How close this connection between the gods and the souls of
men became in later days, may be seen from the fact that when
Assur-bani-pal visited the tombs of his forefathers, he poured
out a libation in their honour and addressed to them his prayers.
They had, in short, become gods, like the gods of light to whom
temples were erected and offerings made. The change in point
of view had doubtless been quickened by that deification of the
king of which I shall have to speak in a future lecture, and
which seems to have been of Semitic origin. When the king
became a god, to whom priests and temples were dedicated both
in his lifetime and after his death, it was inevitable that new
ideas should arise in regard to the nature of the soul. The spirit
who was addressed as a god, and set on a level with the divine
lords of heaven, was no powerless and starveling ghost in the
underworld of En-lil, but a spirit in the more modern sense of
the word, who dwelt in the realms of light, where he could hear
and answer the prayers that were laid before him. The ghost had
[290] been transformed into a soul, whose nature was the same as that
of the gods themselves, and which, like them accordingly, could
move freely where it would, listening to the petitions of those on
earth, and interceding for them.
This conception of the soul had already been arrived at in the
age of Sargon of Akkad, the earliest to which at present anything
like full contemporaneous records reach back.
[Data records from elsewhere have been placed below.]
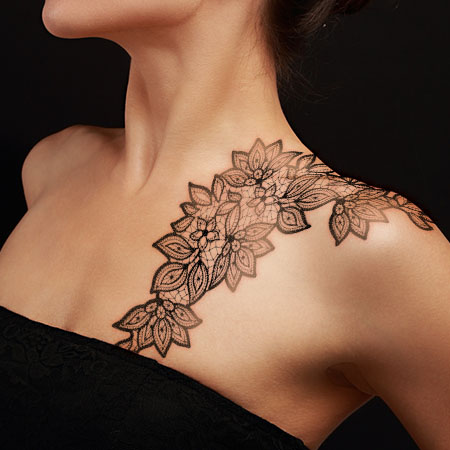 lace-tattoo-on-collarbone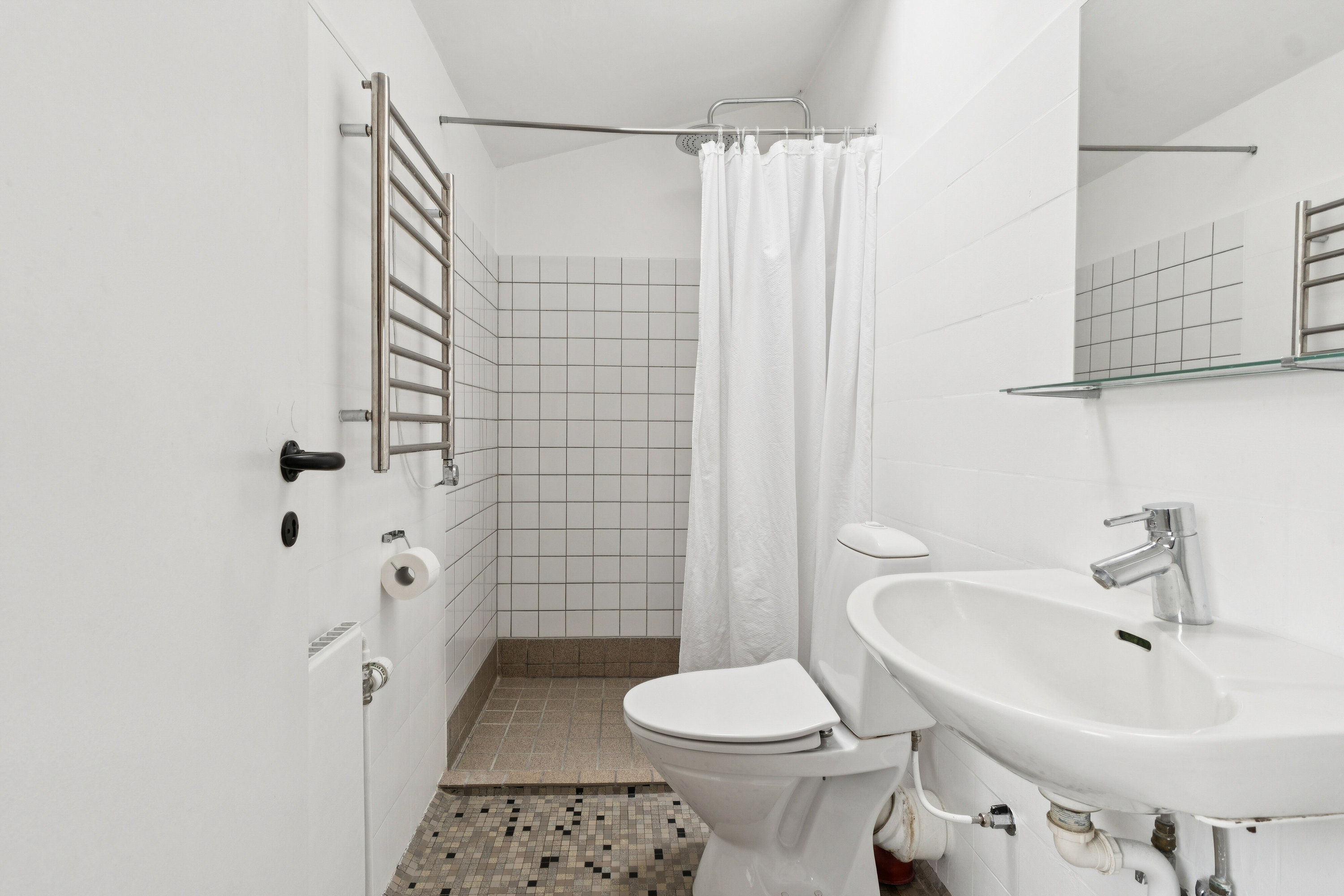 Fremhævet badeværelse billede i fuldskærmstilstand. Billede af Kulsvierparken 1, 2800 Kongens Lyngby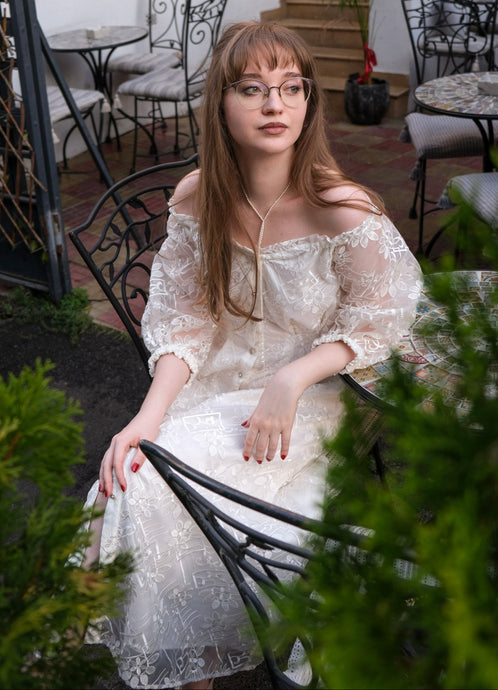 Rochie midi din organza cu umeri decupati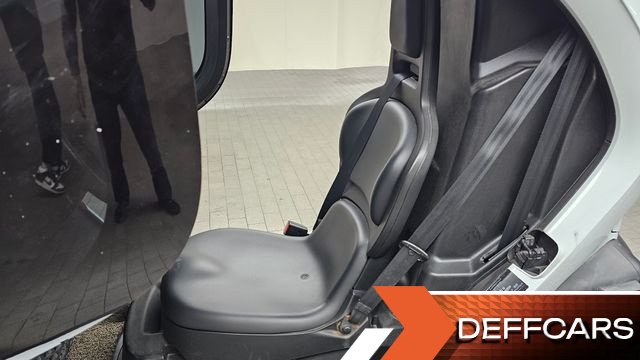 Renault-KoreaSamsung TWIZY Cargo(1-seater+Trunk) купить на сайте DeffCars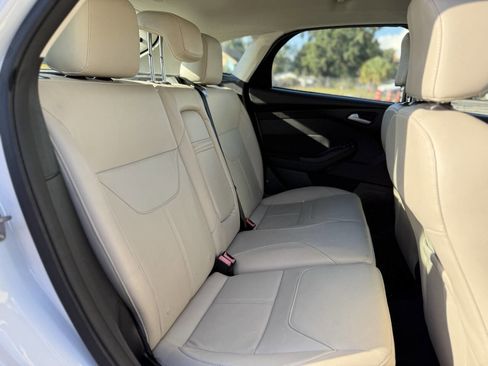 Used 2015 Ford Focus Titanium image 22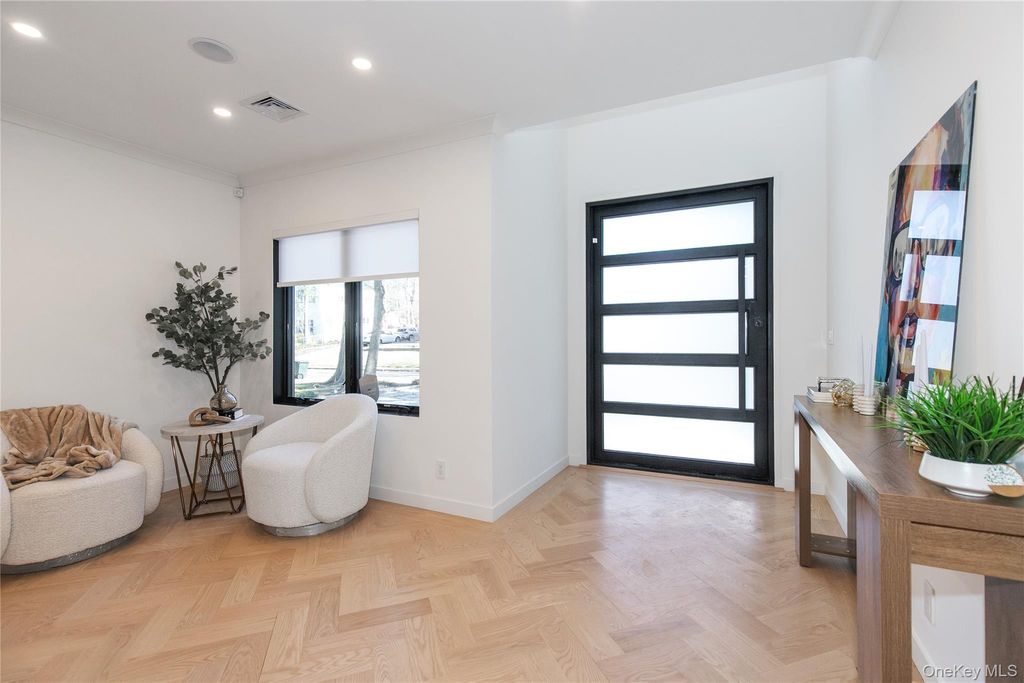 Photo of 1 Bentley Road, Great Neck, NY 11023 (MLS # 968667)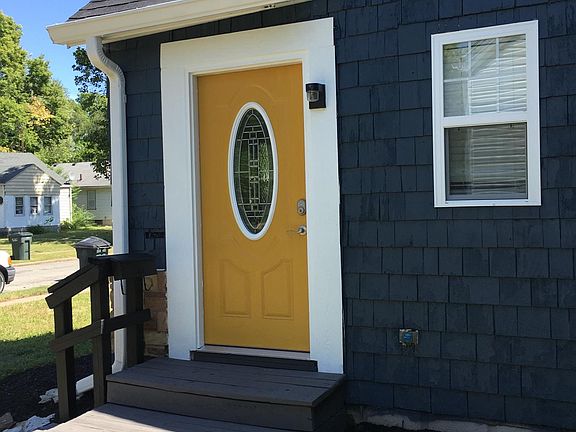2nd image of 1418 Miner St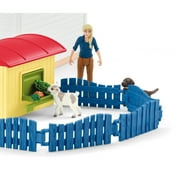 schleich Farm World - مجموعة ألعاب فندقية مكونة من 54 قطعة لحيوانات الأطفال مع حيوانات أليفة وحارس وإكسسوارات - مجموعة ألعاب حيوانات تعليمية للأطفال بعمر 3+ عامًا
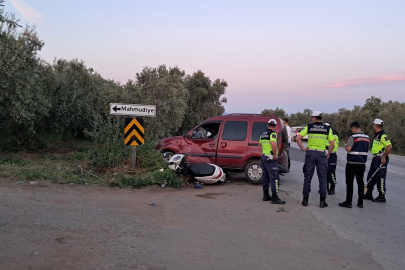 Bursa'da motosiklet ile hafif ticari araç çarpıştı: 2 yaralı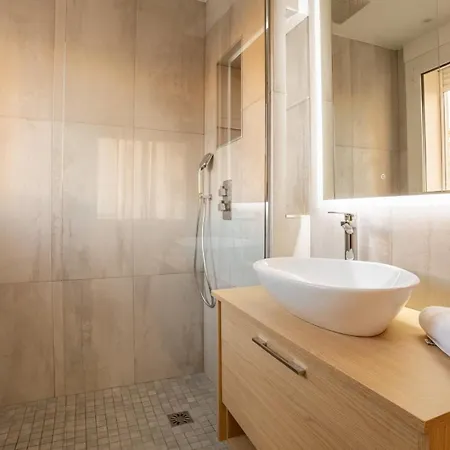 C3 - 1 Bdr Blvd Croisette Henri Iv - Ac & Balcony *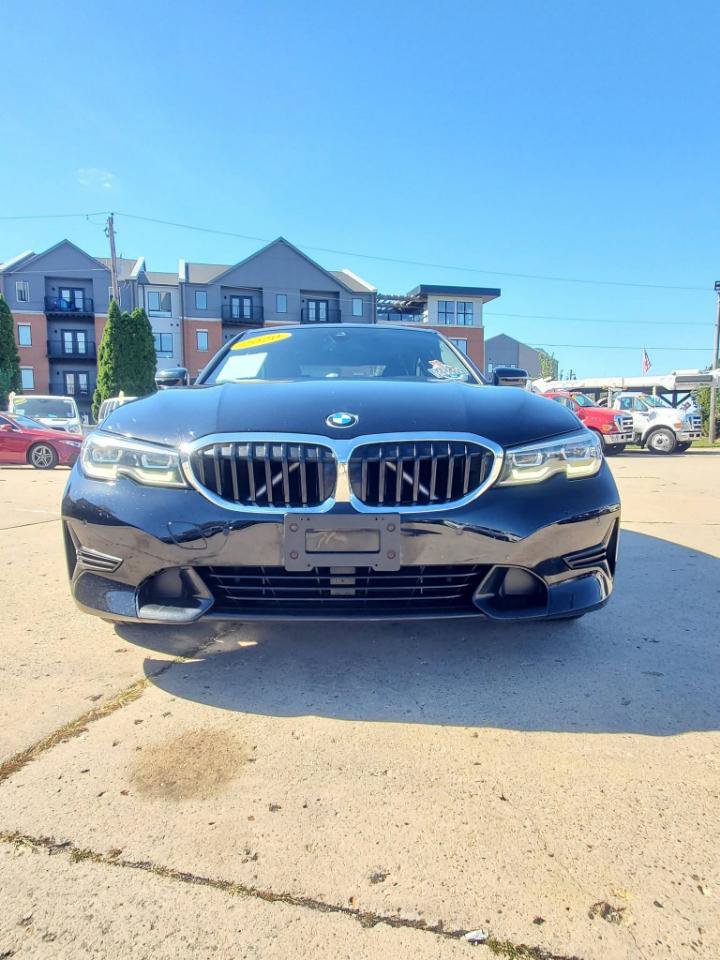 Used 2020 BMW 330i Sedan w/ Convenience Package RWD image 2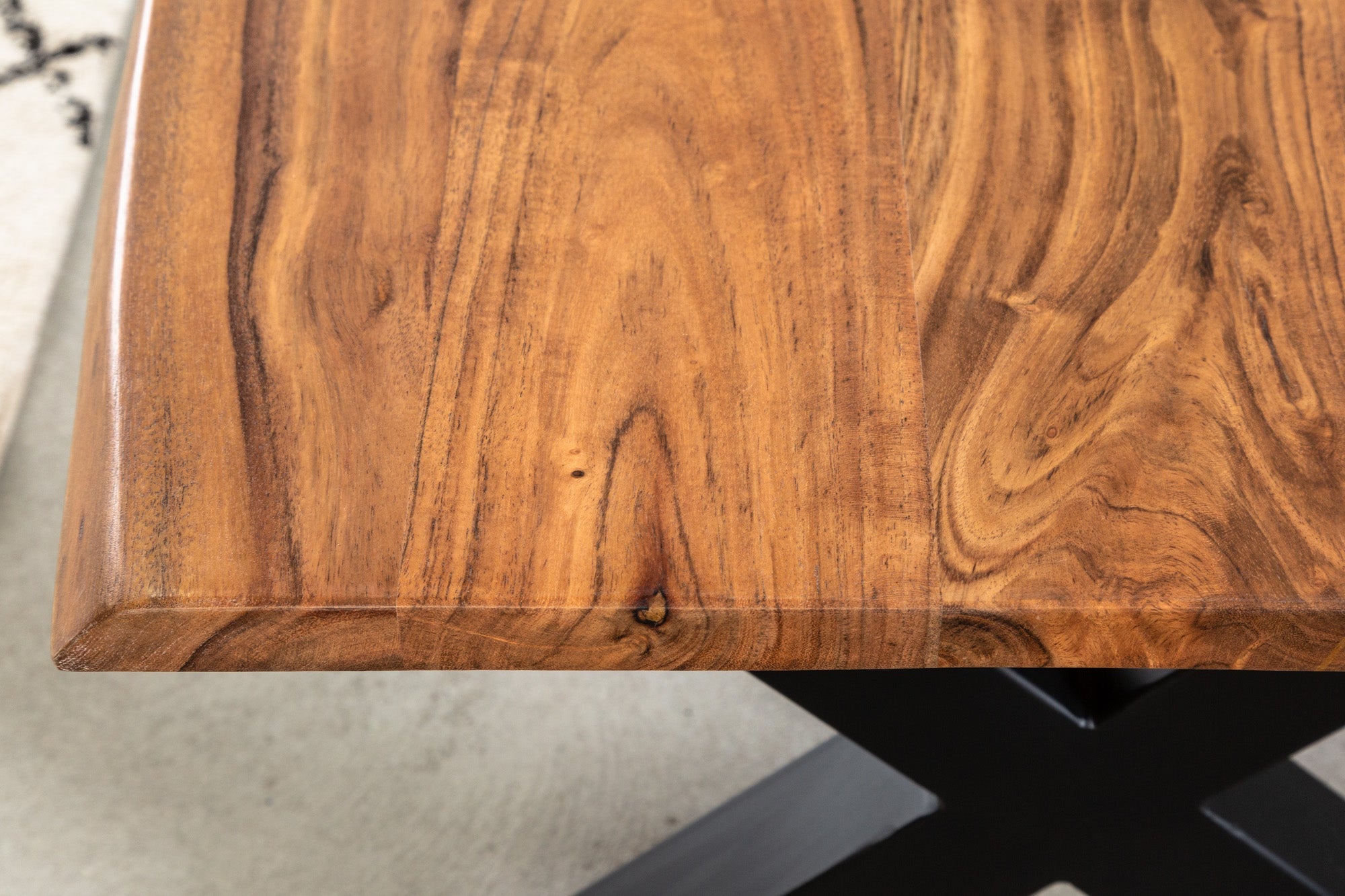MAMMUT Mesa de centro de madera maciza 120 cm Acacia Acabado miel Marco X negro Tablero 2,5 cm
But it was an age
in which Semitic influence was already dominant; Sargon was
the founder of a Semitic empire which extended to the shores
of the Mediterranean, and the Sumerian epoch of Babylonian
civilisation had long since passed away. Remote as the age
seems to us of to-day, it was comparatively late in the history
of Chaldæan culture. And deification was not confined to the
person of the king. The high priests of the Babylonian cities who
owned allegiance to him were similarly deified by their subjects.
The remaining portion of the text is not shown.